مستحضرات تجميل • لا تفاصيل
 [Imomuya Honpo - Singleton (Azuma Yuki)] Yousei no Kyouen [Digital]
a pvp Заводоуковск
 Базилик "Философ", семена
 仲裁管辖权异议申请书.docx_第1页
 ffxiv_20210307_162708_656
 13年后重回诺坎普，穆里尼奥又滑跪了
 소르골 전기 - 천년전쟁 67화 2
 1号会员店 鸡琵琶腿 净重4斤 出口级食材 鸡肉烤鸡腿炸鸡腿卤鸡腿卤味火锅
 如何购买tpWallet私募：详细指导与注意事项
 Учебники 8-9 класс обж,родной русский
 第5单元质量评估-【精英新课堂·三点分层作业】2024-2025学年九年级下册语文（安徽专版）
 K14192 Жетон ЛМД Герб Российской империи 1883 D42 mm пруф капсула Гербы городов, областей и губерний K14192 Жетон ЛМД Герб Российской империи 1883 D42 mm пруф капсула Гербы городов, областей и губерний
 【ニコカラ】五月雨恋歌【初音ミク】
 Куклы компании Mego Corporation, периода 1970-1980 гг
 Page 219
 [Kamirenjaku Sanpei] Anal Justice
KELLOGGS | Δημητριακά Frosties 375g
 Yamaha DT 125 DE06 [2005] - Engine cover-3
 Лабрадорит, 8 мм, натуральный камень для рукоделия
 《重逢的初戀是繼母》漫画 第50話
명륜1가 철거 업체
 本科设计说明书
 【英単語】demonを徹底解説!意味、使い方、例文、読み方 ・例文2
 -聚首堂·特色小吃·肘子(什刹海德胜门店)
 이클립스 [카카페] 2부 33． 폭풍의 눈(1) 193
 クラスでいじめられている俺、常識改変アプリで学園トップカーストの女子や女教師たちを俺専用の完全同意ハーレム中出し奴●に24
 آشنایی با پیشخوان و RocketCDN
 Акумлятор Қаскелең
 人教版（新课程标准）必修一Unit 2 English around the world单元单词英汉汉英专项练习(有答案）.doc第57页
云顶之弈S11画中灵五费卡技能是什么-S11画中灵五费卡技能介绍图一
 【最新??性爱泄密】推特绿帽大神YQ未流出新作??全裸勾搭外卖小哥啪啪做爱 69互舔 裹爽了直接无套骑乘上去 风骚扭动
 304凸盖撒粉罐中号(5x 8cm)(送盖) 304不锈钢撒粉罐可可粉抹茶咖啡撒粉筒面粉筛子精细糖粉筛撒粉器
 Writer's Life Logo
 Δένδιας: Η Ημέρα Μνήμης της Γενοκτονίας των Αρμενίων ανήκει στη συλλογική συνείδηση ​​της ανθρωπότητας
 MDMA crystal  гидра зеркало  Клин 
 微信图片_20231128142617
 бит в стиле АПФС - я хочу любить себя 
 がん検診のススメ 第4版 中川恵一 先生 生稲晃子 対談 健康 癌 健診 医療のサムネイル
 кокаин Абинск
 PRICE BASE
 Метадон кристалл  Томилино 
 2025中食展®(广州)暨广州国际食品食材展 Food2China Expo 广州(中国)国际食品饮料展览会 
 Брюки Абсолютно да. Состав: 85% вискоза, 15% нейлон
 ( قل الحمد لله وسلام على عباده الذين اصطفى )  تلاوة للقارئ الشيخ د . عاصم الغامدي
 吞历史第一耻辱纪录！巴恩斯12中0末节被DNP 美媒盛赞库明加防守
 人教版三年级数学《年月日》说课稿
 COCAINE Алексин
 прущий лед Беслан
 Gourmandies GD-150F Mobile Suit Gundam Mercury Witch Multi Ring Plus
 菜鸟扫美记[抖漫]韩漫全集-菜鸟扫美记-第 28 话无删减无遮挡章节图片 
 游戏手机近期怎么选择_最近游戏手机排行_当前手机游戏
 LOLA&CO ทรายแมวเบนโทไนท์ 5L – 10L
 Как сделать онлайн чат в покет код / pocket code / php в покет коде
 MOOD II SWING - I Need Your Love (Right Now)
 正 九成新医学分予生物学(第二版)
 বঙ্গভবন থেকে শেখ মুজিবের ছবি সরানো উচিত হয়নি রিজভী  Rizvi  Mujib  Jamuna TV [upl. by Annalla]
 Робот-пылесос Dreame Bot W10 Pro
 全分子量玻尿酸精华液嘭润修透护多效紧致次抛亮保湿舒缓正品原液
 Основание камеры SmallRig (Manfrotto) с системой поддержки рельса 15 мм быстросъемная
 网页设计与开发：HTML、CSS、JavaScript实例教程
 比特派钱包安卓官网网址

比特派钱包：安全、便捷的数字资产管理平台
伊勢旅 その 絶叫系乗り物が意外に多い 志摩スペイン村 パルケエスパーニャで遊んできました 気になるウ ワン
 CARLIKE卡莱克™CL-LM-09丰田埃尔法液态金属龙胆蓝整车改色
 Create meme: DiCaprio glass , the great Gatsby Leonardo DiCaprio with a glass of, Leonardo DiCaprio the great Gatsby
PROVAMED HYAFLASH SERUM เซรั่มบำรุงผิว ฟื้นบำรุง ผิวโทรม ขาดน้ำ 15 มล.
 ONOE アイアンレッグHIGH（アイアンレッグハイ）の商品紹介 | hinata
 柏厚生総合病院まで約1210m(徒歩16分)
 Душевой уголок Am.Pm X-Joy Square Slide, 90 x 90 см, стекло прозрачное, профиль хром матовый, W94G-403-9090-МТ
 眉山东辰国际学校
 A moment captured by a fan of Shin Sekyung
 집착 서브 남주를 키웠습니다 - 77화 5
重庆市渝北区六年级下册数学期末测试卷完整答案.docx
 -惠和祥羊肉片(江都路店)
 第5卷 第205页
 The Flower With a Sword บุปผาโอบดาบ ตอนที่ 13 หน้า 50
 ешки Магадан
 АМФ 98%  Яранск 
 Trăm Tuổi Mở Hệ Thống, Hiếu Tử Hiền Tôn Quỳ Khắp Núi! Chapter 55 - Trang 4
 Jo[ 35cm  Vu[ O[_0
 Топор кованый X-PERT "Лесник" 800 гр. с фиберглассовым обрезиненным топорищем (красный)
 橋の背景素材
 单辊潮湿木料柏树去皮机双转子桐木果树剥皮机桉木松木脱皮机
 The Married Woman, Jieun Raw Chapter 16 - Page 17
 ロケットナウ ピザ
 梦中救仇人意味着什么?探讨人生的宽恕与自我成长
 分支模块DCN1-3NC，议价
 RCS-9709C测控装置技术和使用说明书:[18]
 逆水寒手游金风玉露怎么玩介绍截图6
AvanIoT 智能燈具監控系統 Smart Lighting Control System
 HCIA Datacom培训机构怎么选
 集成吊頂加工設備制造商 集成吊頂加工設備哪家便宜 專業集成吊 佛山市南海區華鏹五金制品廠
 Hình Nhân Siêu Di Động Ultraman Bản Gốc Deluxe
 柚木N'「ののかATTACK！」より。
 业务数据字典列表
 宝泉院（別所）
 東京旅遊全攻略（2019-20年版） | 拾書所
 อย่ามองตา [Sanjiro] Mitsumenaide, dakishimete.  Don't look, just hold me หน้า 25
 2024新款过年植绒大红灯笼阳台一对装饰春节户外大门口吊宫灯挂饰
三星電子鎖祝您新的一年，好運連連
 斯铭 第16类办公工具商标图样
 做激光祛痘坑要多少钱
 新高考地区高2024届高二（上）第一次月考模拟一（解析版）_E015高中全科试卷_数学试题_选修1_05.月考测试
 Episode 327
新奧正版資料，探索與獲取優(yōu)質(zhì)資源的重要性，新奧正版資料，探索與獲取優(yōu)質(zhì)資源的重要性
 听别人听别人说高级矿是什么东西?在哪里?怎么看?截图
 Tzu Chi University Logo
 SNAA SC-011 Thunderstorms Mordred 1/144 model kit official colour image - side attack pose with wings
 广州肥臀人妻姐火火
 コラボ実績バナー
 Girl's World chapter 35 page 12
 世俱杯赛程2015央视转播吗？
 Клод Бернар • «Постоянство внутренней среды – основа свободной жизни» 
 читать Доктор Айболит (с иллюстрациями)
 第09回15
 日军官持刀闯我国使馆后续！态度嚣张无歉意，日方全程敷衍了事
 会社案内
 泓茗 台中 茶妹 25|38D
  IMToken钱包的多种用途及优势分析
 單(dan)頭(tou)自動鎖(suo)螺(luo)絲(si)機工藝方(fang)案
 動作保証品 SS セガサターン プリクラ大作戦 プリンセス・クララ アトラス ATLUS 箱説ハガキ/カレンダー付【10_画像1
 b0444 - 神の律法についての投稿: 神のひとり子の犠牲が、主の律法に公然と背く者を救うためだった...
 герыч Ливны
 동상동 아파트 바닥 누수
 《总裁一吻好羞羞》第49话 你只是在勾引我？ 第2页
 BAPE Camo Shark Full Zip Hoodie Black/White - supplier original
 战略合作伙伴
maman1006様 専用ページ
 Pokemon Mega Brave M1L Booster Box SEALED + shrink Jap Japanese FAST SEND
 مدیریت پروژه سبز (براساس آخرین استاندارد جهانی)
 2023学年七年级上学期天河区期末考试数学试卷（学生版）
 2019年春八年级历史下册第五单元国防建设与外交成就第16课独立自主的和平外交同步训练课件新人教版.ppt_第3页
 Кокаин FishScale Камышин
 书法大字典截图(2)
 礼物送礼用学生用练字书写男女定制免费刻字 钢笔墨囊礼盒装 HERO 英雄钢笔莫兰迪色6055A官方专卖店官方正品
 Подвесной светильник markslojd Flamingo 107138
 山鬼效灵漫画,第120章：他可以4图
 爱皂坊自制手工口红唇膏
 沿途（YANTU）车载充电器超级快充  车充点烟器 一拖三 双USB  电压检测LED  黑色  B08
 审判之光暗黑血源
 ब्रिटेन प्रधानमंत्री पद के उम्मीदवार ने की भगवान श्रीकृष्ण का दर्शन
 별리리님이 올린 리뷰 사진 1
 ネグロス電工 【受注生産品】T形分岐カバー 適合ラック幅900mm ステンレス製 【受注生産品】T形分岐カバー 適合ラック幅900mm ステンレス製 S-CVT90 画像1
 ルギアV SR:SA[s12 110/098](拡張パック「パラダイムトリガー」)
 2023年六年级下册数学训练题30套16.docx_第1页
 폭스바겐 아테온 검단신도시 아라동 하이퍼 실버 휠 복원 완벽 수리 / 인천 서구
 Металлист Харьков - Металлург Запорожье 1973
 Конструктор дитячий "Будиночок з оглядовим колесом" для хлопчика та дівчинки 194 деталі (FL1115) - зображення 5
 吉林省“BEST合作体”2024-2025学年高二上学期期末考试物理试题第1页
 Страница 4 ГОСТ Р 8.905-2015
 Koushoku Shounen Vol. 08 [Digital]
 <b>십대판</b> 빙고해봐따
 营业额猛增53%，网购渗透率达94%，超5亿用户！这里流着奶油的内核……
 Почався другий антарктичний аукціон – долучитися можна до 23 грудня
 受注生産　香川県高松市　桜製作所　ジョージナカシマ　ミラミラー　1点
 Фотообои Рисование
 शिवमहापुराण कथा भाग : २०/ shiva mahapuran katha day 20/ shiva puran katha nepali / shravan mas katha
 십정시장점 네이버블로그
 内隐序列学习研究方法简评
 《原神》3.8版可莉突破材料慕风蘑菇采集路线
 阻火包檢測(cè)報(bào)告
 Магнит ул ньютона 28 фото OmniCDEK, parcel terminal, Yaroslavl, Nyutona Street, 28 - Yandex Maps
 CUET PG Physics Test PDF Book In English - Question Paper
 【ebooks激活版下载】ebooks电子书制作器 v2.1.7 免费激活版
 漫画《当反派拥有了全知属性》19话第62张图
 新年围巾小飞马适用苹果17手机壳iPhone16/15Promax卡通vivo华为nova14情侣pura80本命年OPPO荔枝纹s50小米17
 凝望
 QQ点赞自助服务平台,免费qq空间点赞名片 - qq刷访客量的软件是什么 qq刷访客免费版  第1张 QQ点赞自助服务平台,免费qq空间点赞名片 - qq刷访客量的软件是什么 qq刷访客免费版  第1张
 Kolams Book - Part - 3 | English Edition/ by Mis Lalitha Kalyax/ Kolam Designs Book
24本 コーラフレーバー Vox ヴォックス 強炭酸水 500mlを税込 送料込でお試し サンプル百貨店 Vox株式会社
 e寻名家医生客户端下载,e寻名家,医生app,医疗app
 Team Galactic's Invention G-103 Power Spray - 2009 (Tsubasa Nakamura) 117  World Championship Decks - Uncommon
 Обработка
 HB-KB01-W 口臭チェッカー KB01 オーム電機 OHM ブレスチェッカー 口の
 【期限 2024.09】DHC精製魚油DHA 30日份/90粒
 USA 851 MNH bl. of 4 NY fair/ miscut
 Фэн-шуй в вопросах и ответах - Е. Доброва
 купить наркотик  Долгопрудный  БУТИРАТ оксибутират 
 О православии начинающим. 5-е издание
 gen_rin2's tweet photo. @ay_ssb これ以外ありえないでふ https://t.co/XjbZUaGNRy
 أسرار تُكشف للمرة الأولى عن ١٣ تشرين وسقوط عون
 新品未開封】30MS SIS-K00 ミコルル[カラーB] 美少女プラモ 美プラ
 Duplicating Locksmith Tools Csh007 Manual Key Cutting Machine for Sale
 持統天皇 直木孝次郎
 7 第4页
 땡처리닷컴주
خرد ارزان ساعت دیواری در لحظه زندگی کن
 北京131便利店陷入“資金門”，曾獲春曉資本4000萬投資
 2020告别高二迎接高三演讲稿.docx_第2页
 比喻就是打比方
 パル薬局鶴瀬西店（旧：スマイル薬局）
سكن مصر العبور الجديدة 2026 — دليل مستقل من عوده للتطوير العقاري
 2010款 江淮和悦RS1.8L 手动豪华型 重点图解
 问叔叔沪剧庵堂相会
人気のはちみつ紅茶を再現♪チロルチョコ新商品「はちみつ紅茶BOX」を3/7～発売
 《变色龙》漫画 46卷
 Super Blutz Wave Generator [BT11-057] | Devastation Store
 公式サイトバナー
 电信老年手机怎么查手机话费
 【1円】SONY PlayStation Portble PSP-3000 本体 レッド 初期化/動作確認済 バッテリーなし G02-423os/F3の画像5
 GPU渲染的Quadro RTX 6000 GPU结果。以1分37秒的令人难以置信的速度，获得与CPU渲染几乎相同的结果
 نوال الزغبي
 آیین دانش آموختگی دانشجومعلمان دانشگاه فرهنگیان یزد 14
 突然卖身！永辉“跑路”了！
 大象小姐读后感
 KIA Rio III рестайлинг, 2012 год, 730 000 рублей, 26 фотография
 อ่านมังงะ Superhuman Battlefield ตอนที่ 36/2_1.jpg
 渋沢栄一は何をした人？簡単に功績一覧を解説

→ **Task instructions**: Could you please find every line of the listing above holding the string "Digital" and copy it?

→ **Solution to this task**:
 [Imomuya Honpo - Singleton (Azuma Yuki)] Yousei no Kyouen [Digital]
 Koushoku Shounen Vol. 08 [Digital]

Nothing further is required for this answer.